TASK BRIEF: Reproduce all the lines below exactly and omit the images.

DATA BLOCK:
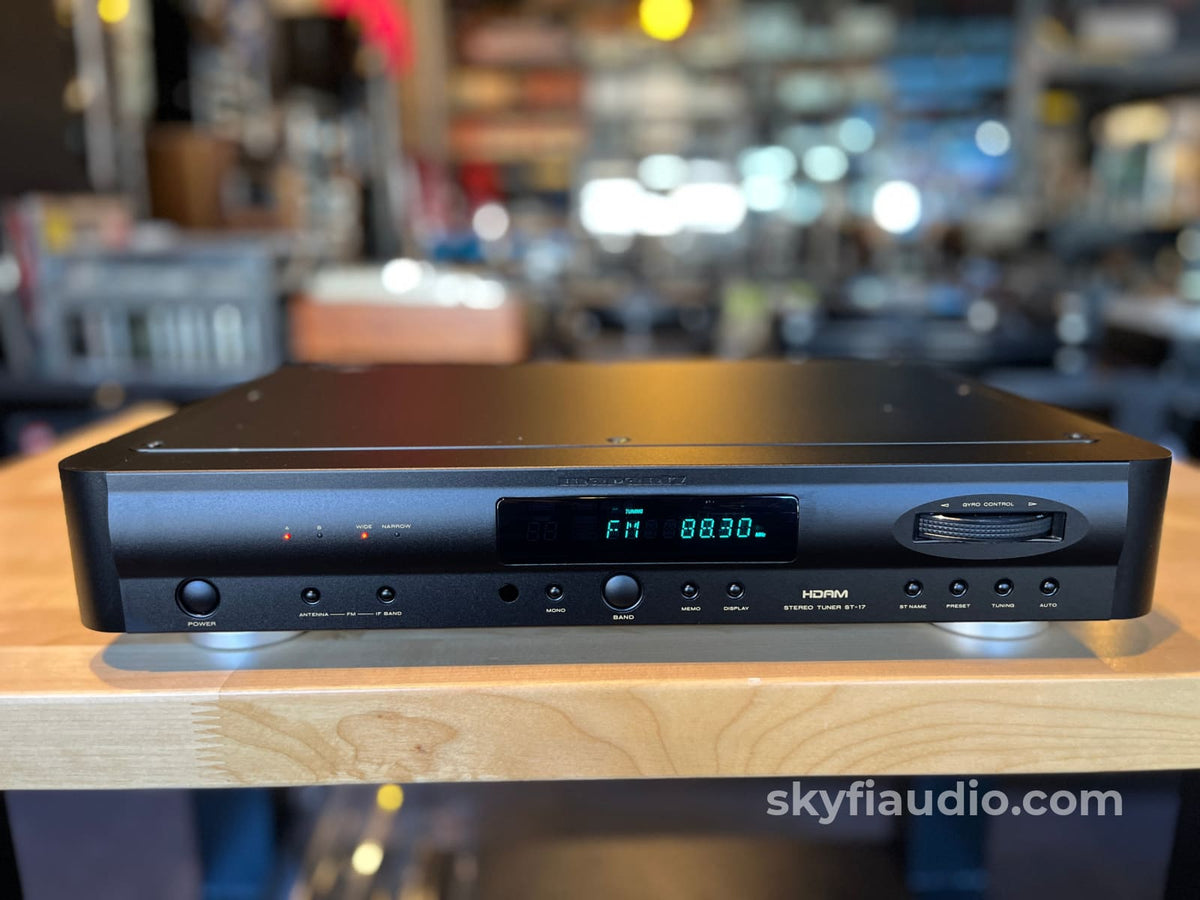 Marantz 17 Series System - Integrated Amplifier CD Player and Tuner - Integrated Amplifier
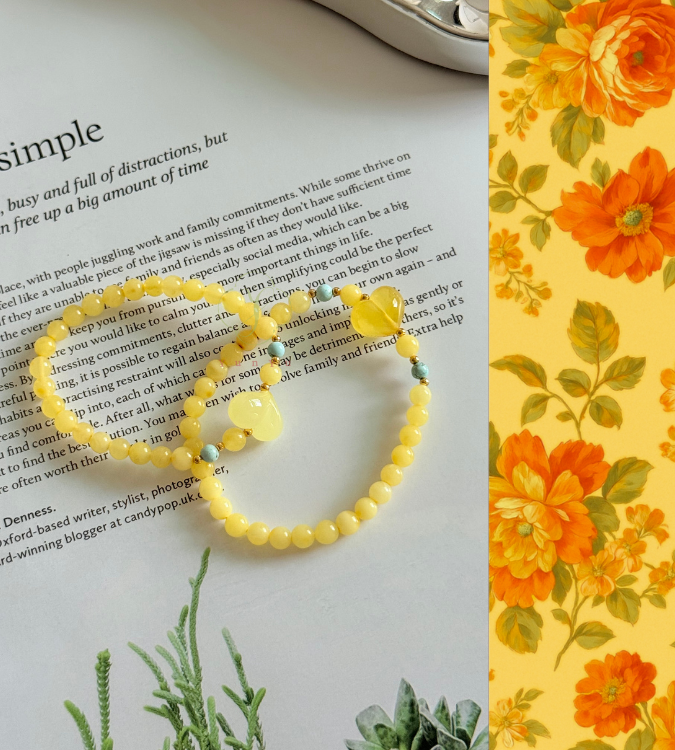 琥珀蜜蠟(親子款)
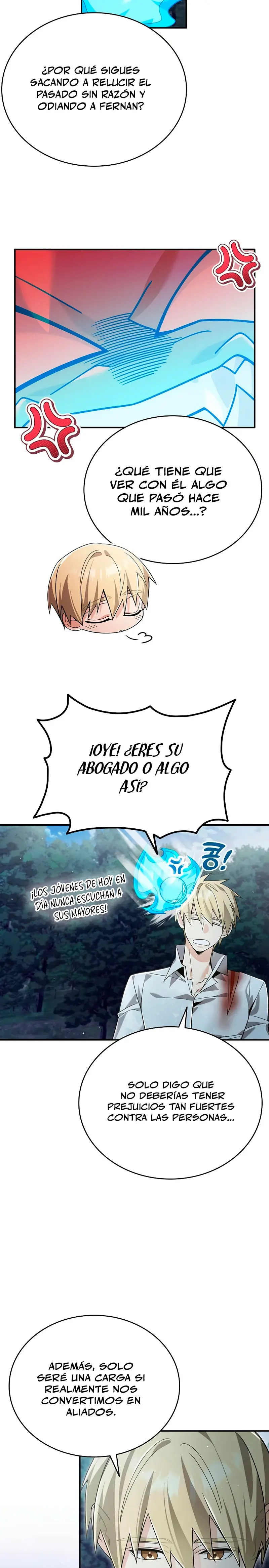 ¿¡Un codicioso convertido en profeta!? Capítulo 27 - Page 15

RESPONSE TO THE TASK:
 Marantz 17 Series System - Integrated Amplifier CD Player and Tuner - Integrated Amplifier
 琥珀蜜蠟(親子款)
 ¿¡Un codicioso convertido en profeta!? Capítulo 27 - Page 15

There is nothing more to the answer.